1. Équilibre entre l’injustice causée à l’employé et le préjudice que subit l’employeur si la prorogation est accordée

[114] L’injustice que subit le fonctionnaire l’emporte considérablement sur tout préjudice subi par l’employeur. L’employeur a accepté des candidats qui ne satisfaisaient pas aux exigences en matière d’études et les a ensuite nommés à des postes auxquels ils n’avaient pas droit.
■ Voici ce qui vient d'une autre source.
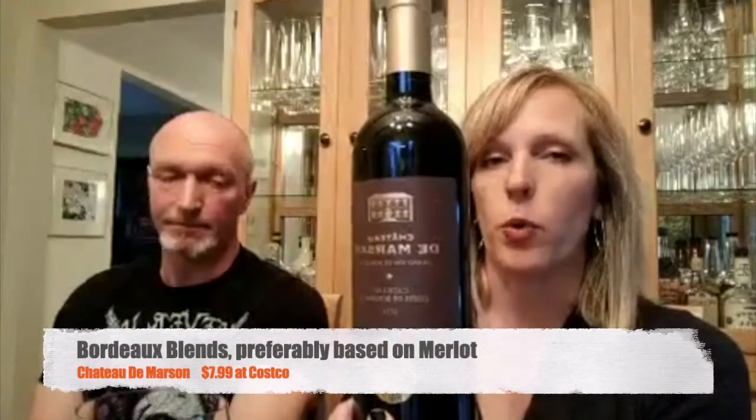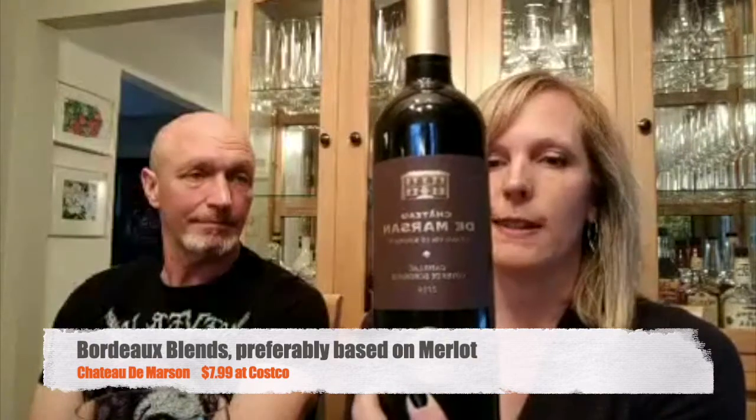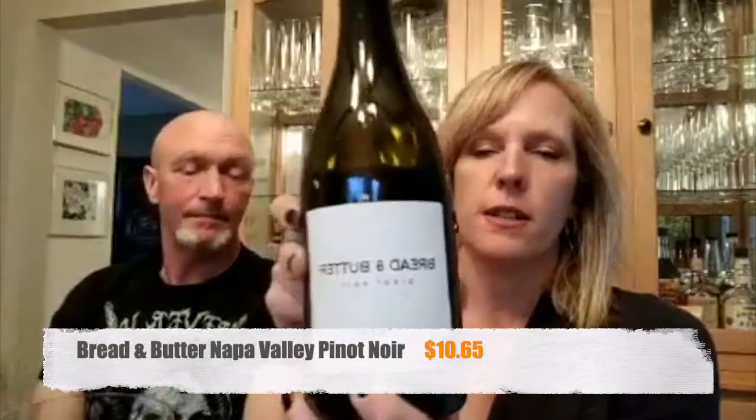Bordeaux blends would go quite well with this dish. This one happens to be about an $8 bottle from Costco — a really killer find. A California Pinot Noir that you might try is Golden Eye Pinot Noir, a very nice Pinot Noir from the southern end of Napa where it's nice and cool.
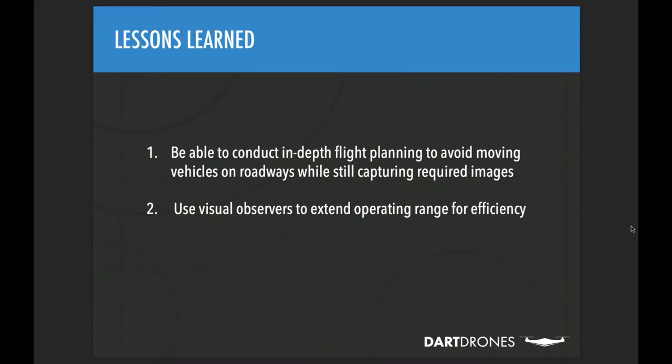For road assessments, significant pre-flight planning is essential. Flying down medians, over center dividers, and along shoulders keeps the drone away from moving vehicles. When crossing lanes of traffic, the pilot pauses autonomous flight and takes manual control, using the camera to look for a gap in traffic. Having cars on the roadway, plus workers in various areas, means all maneuvering decisions must be made before the aircraft ever goes in the sky — flight profiles need to be developed before the operation begins.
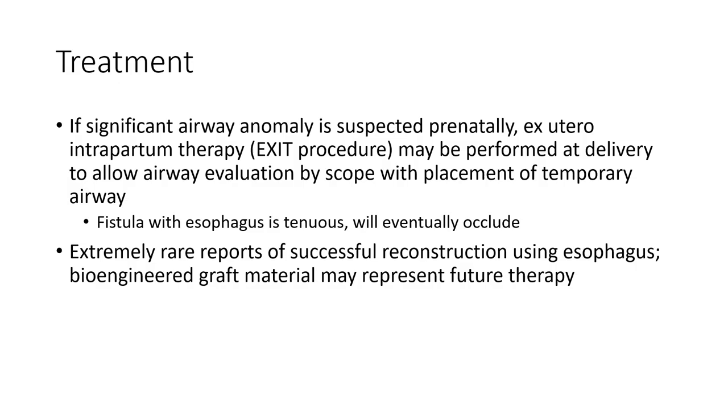Treatment: If a significant airway anomaly is suspected prenatally, a controlled ex utero intrapartum therapy EXIT procedure may be performed at delivery to allow airway evaluation by bronchoscopy with placement of a temporary airway. Reports exist of surgical reconstruction using the esophagus.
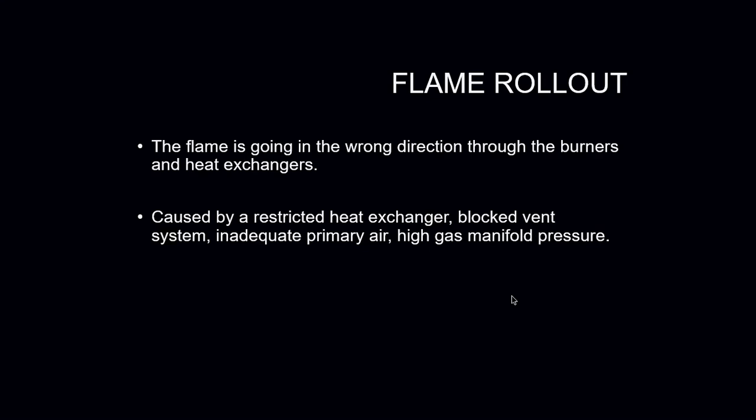A flame rollout is when the flame rolls out in the wrong direction — toward you. This is caused by a restricted heat exchanger, a blocked vent system, inadequate primary air, or high gas manifold pressure. Flame rollout can also be caused by a cracked heat exchanger — it typically occurs when the indoor fan motor turns on and starts blowing air across the heat exchanger, causing a change in pressure between the inside and outside of the heat exchanger, which makes the flame shoot outward.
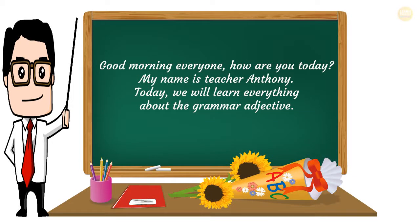Good morning everyone, how are you today? My name is teacher Anthony. Today, we will learn everything about the grammar adjective.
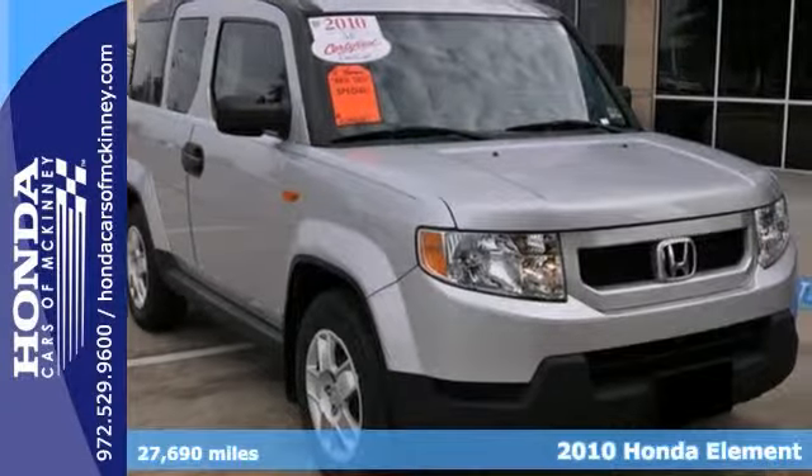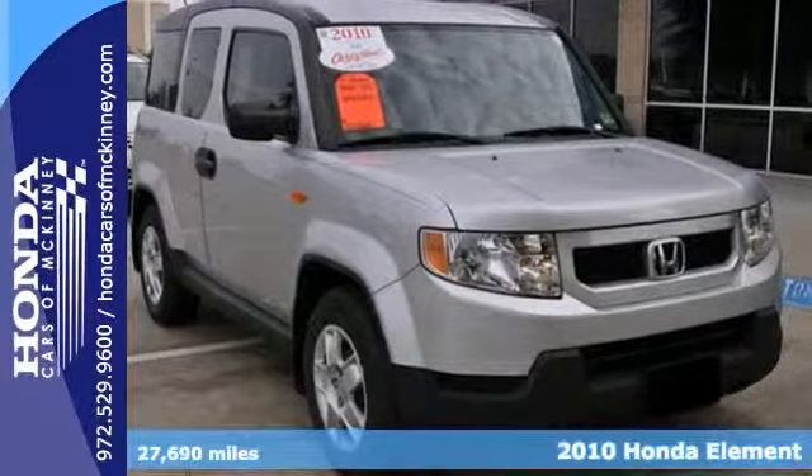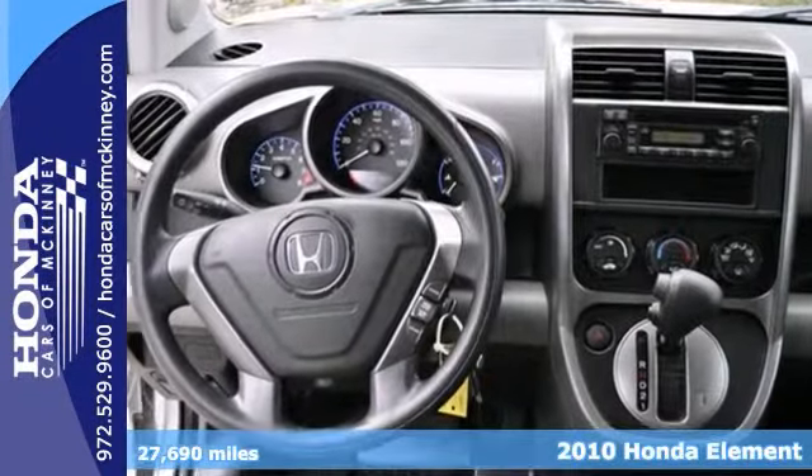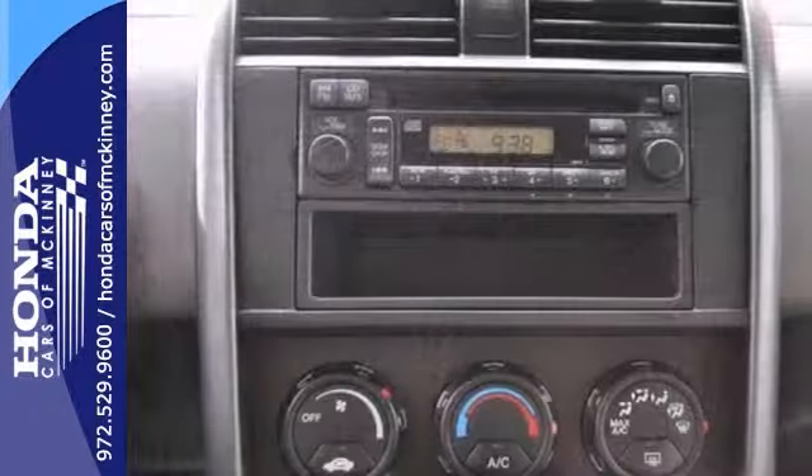Here's a 2010 Honda Element. One critic said, if you love traveling the great outdoors and need a smart, affordable vehicle, the 2010 Honda Element will work for you.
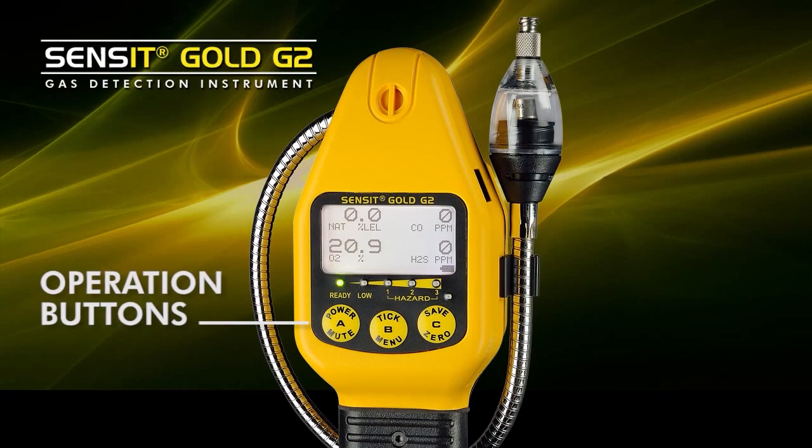The operation is very simple through a group of push buttons on the front. Typically, an operator simply turns the instrument on. It goes through a warm-up and then it is prepared for use and the operator can go right to work.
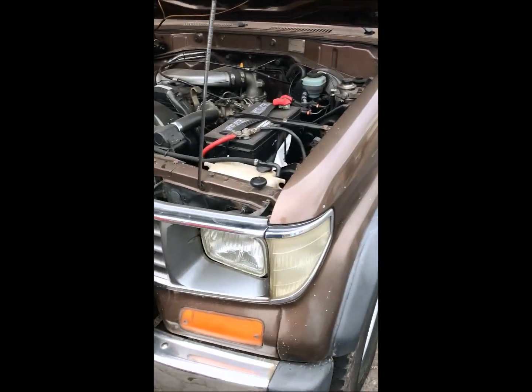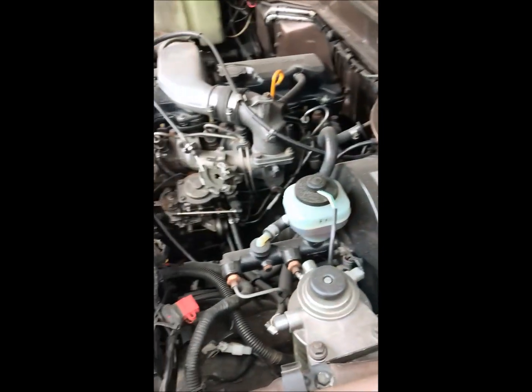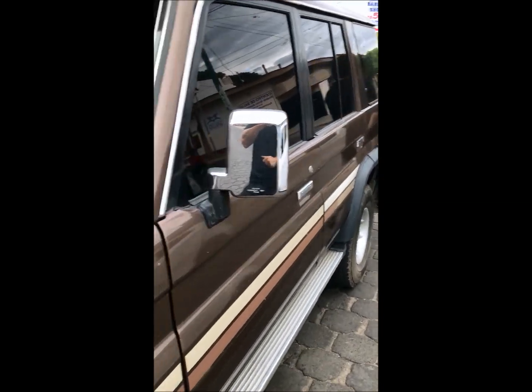This is my 1992 LJ79 Prado 3-door, and I just took it for the first drive I've taken it for, and boy, it's good. This is a really solid truck for 26 years old.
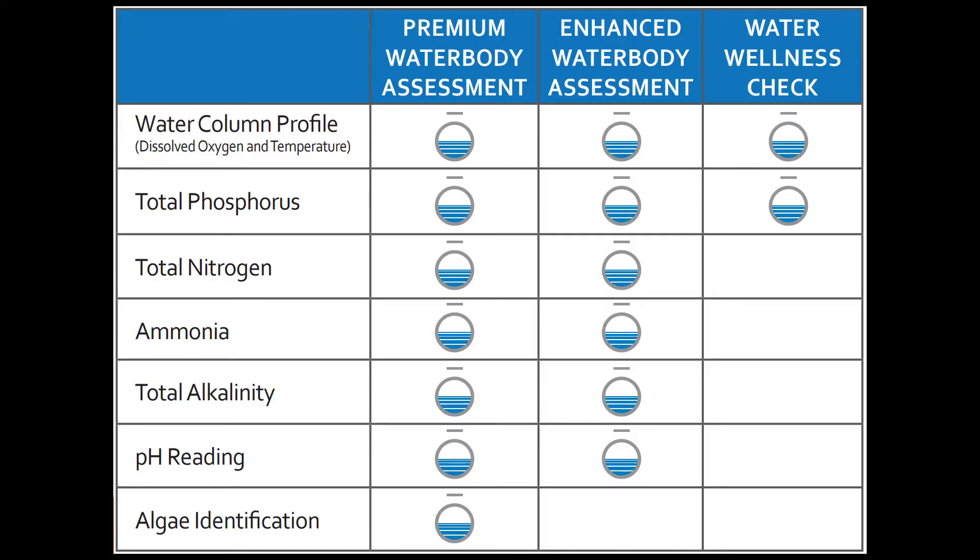Solitude offers a variety of water body assessment options ranging from water wellness checks that provide key information to put you on the right management plan, to premium water body assessments that allow you to gain additional insights into the health and longevity of your freshwater resource.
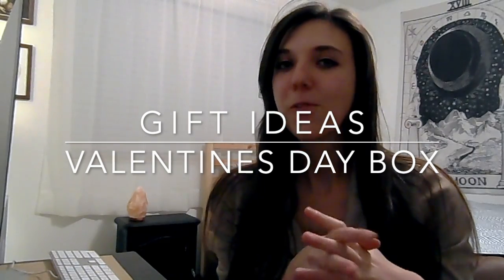Hey everyone! Welcome to my channel, and welcome back if you are a subscriber. My name is Rachel and I've put together some Valentine's Day gift boxes for my grandparents and I wanted to show you guys what was in them.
Le fonctionnaire déclare qu’il ne pouvait pas présenter sa candidature dans le cadre du processus de dotation, car il ne satisfaisait pas aux exigences en matière d’études.

[115] Le seul préjudice que subit l’employeur est d’entendre le grief.

2. Les chances de succès du grief

[116] Le fonctionnaire fait valoir que malgré les éléments de preuve contraires, l’employeur a accepté que des cours suivis dans le cadre de programme d’étude menant à un certificat appelé le [traduction] « Certificat avancé en comptabilité et en finances » et du [traduction] « Programme de comptables professionnels agréés » satisfaisaient aux exigences en matière d’études aux fins des postes.

V. Analyse

[117] L’article 61 du Règlement se lit comme suit :

61 Malgré les autres dispositions de la présente partie, tout délai, prévu par celle-ci ou par une procédure de grief énoncée dans une convention collective, pour l’accomplissement d’un acte, la présentation d’un grief à un palier de la procédure applicable aux griefs, le renvoi d’un grief à l’arbitrage ou la remise ou le dépôt d’un avis, d’une réponse ou d’un document peut être prorogé avant ou après son expiration :

a) soit par une entente entre les parties;

b) soit par la Commission ou l’arbitre de grief, selon le cas, à la demande d’une partie, par souci d’équité.

 

[118] Les dispositions pertinentes de la convention collective prévoient ce qui suit.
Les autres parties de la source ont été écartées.